The UK is increasingly sticking its oar into Eastern European politics. It said last week that 600 troops were being readied for deployment in Poland as part of the Belarus migrant crisis, and the leadership has been explicit about blaming Russia for masterminding the catastrophe on the Belarus-Poland border, despite the fact that there is not a shred of evidence to support it.
What is so strange about all this activity is the UK is no longer part of the EU, and the Belarusian border drama is an entirely EU issue, and that the UK has played almost no role in the Ukraine-Russia conflict until now, leaving it to Berlin and Paris to take the lead.
Indeed, it is “highly likely” that the Kremlin is unhappy with the whole Belarusian situation, as their control over Belarus' President Alexander Lukashenko is limited. However, the Kremlin not above capitalising on the clash that was engineered by Lukashenko, who is looking for some leverage over the EU to undo the mounting sanctions regime, argued bne IntelliNews columnist Mark Galeotti in a column this week.
Criticising Russia has become a useful tool for Western politicians that they are fond of employing, as it makes them look tough. Tikhomirov argued that conservatives in the US government have leapt on the Russian troop movement story as they are unhappy with US President Joe Biden's attempts to reset relations with Russia. The two are due to have a follow-up summit to their meeting in Geneva on June 16 before the end of the year. Plus a big defence spending bill is due to go before the House in the coming weeks. So a bit of fear mongering will help that debate pass smoothly.
For their part, German Chancellor Angela Merkel and French President Emmanuel Macron are trying calm things down. Merkel was widely criticised for calling Lukashenko this week to try to find a way out: the EU doesn't recognise his administration, so her call was seen as legitimising an illegitimate leader. But that is how pragmatic politics works. However, as she is now a lame duck, due to depart any day when the new German government is formed, her ability to do anything is severely limited.
And finally, it should be noted that Russia is not entirely innocent in this story. It is clearly moving some troops around. But Kremlin has complained it is only responding to Nato exercises in the Black Sea and Polish redistribution of troops closer to Russia, which it finds “worrying.”

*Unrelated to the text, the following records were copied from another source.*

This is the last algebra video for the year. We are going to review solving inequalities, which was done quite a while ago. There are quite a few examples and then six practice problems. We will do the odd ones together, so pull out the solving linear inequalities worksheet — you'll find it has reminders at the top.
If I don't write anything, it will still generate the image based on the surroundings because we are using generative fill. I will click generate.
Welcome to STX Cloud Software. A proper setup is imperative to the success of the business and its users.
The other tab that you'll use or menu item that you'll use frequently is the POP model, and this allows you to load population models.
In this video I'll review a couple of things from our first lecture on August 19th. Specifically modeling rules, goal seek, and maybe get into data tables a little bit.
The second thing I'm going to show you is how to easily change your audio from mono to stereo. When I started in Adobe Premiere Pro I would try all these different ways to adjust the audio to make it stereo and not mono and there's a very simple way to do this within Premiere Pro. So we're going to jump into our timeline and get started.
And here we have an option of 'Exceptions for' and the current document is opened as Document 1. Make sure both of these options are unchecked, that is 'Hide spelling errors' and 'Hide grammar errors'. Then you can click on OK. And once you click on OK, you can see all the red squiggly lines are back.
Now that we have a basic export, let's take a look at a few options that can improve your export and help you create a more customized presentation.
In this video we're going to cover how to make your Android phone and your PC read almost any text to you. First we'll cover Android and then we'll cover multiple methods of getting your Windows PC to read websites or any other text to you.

A hallmark of Putin’s administration is that he is entirely paranoid about Nato and the annexation of Crimea in 2014 was a definitive break with the West that caused irreparable damage to whatever relationship there was before. That move was based largely on the need to secure Russia’s crucial naval base in Crimea and Putin calculated that with Ukraine’s move towards Europe following the Maidan revolution it was only a matter of time before Ukraine joined the EU and then Nato and Russia would lose this base in the process.

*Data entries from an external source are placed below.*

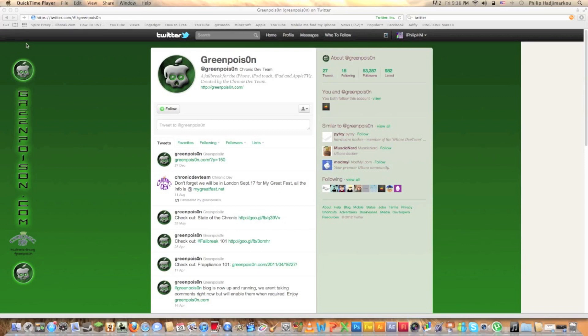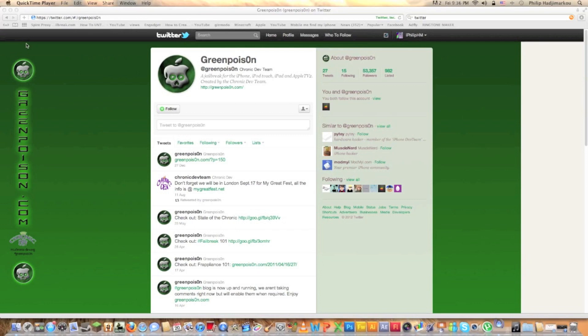It's coming out though so those who have Mac can jailbreak their iPhone 4s and iPad 2 untetheredly. And it's really easy with GreenPoison, no need to download other firmwares and stuff.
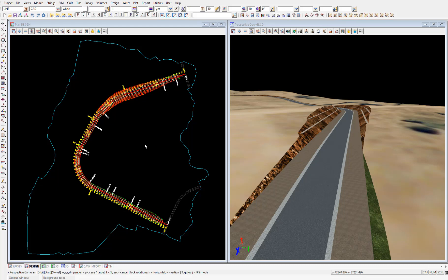In 12D we can have underground utilities modeled as strings which have diameters applied, so the strings show as 3D objects. We can use any of our plan, section or perspective views to view these utilities.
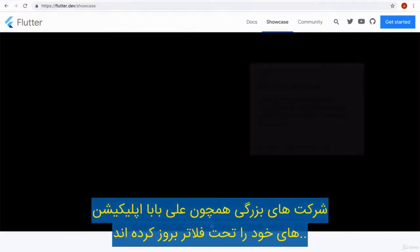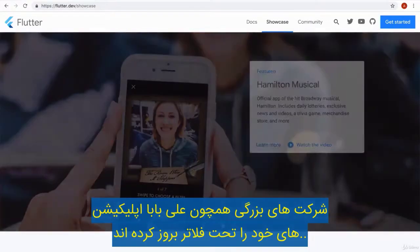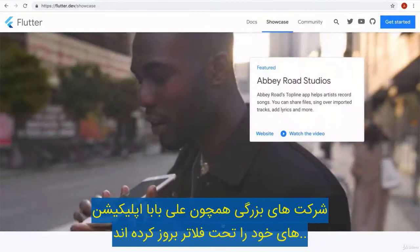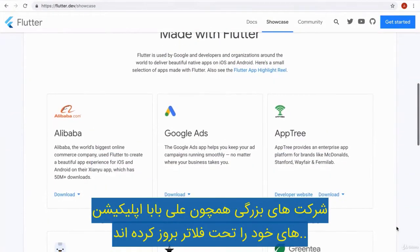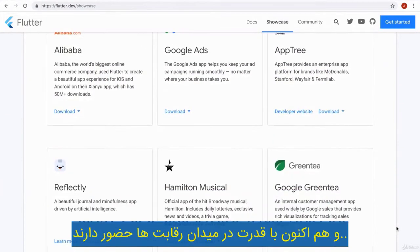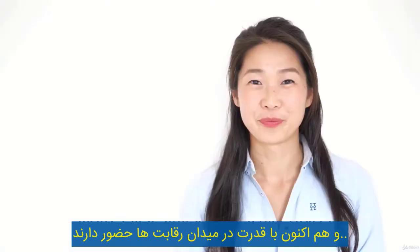Companies like Alibaba, the Hamilton musical, and of course Google themselves are already using Flutter in their production apps right now.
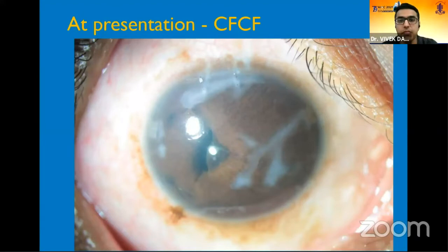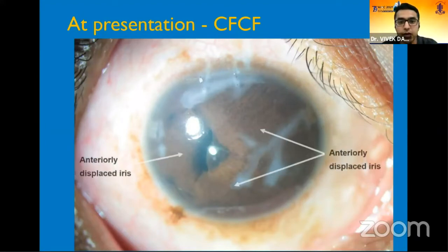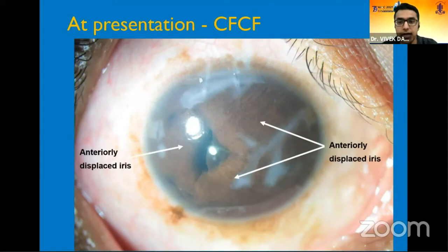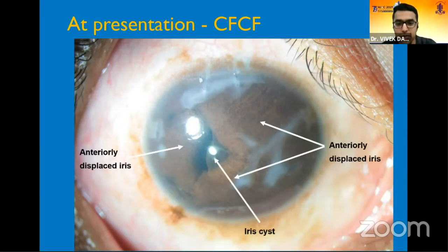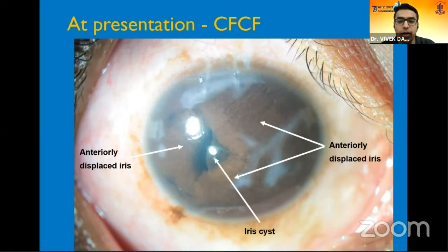Vision was counting fingers close to face. You can see there is an anteriorly displaced iris — the iris has ballooned anteriorly, much like an iris bombé, but with a lobulated appearance. Right in the visual axis you can see this brownish translucent reflex representing the iris cyst, due to constant contact of the iris with the corneal endothelium.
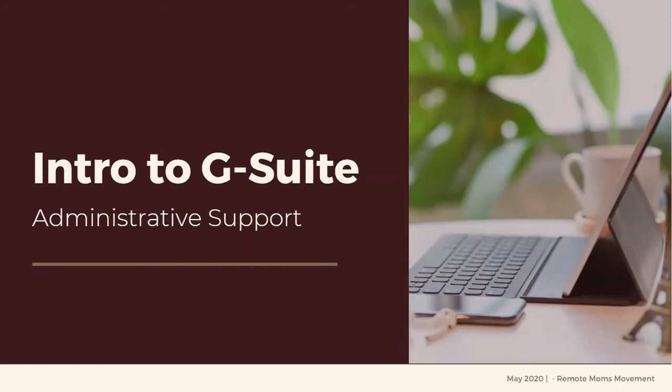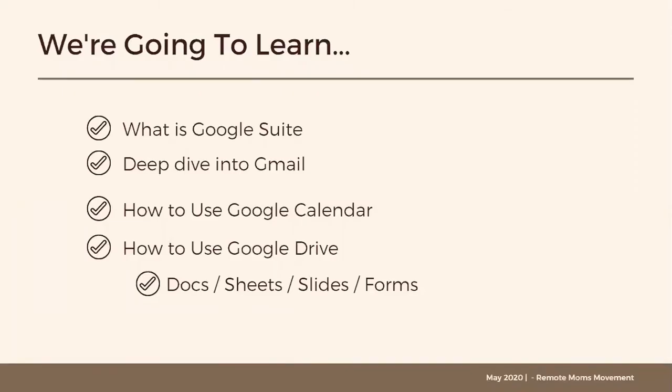So for this particular module, we're going to talk about Google Suite and how it plays a role sa pagbibigay ng admin support. We will look into Gmail, we'll be doing a deep dive, and we'll also learn how to use the Google Calendar and especially the Drive. So sa Drive, we will talk about Docs, the Sheets, the Slides, and the Forms.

As winter closes in we have found ourselves in a particularly toxic position. Western politicians are hyping tensions with Russia for their own political, and in the UK’s case commercial, gains. But they are provoking Russia, which has shown itself not to be above taking actual military action when it deems it must.

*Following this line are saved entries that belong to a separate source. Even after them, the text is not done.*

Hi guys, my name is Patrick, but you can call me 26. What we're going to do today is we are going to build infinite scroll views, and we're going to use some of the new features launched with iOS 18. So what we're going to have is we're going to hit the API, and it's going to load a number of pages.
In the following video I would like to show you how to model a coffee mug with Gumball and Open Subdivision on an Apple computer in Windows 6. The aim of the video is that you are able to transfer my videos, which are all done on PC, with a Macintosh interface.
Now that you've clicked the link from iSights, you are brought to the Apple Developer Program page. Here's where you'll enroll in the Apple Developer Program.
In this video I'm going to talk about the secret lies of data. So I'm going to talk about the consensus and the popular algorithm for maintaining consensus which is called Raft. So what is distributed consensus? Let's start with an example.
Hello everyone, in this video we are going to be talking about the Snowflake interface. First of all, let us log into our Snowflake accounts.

Moreover, the aggressiveness of the Western provocations will only increase the Kremlin’s paranoia. Russian Foreign Minister Sergei Lavrov took things to a new low at the start of this year, setting relations to zero with his new rules of the game speech in February. All this rhetoric puts us in a dangerous situation where a mistake could lead to shots fired and events overtaking the ability of the same politicians to control them.